(Provided data)

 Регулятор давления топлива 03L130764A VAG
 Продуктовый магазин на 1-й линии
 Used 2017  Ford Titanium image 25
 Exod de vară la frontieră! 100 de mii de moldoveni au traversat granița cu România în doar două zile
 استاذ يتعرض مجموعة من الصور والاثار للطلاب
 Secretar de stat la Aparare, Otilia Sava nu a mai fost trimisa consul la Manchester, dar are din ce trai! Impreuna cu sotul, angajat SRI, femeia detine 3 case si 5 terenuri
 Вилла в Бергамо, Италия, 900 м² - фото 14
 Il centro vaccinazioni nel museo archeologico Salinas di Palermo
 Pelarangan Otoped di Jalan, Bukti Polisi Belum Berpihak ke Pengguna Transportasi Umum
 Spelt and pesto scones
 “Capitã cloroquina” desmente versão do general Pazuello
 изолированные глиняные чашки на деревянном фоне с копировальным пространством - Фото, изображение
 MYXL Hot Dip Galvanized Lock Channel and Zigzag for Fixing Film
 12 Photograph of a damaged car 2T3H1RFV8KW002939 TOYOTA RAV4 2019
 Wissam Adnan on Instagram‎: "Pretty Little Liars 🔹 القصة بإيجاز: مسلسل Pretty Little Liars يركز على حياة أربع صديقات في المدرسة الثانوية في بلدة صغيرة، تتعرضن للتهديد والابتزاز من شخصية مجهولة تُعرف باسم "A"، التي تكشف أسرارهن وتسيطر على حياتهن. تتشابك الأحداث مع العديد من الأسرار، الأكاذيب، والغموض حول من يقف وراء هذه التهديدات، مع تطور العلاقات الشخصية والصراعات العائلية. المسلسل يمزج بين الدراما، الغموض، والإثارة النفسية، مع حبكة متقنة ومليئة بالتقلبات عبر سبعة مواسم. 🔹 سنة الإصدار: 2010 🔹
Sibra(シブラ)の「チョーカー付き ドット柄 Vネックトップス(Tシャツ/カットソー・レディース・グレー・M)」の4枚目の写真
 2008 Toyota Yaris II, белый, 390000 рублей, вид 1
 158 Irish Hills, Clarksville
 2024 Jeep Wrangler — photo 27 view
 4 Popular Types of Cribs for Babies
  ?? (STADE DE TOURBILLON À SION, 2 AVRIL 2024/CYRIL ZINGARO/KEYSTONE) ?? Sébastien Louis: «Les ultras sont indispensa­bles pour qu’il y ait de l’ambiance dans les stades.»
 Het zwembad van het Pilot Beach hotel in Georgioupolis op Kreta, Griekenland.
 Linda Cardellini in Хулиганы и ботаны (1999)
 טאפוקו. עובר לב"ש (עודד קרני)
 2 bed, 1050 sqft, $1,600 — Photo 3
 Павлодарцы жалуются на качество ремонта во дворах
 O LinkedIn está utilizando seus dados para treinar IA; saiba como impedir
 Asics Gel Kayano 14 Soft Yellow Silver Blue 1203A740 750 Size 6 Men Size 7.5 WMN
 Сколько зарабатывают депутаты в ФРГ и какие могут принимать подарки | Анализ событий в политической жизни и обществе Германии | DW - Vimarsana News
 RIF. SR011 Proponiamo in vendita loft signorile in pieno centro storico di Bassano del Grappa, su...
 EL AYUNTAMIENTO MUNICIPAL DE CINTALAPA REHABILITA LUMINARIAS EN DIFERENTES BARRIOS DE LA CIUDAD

(End Provided data)

▶ **Brief**:
Scan the listing for "centro" and copy out each line that has it.

▶ **Response to this task**:
 Il centro vaccinazioni nel museo archeologico Salinas di Palermo
 RIF. SR011 Proponiamo in vendita loft signorile in pieno centro storico di Bassano del Grappa, su...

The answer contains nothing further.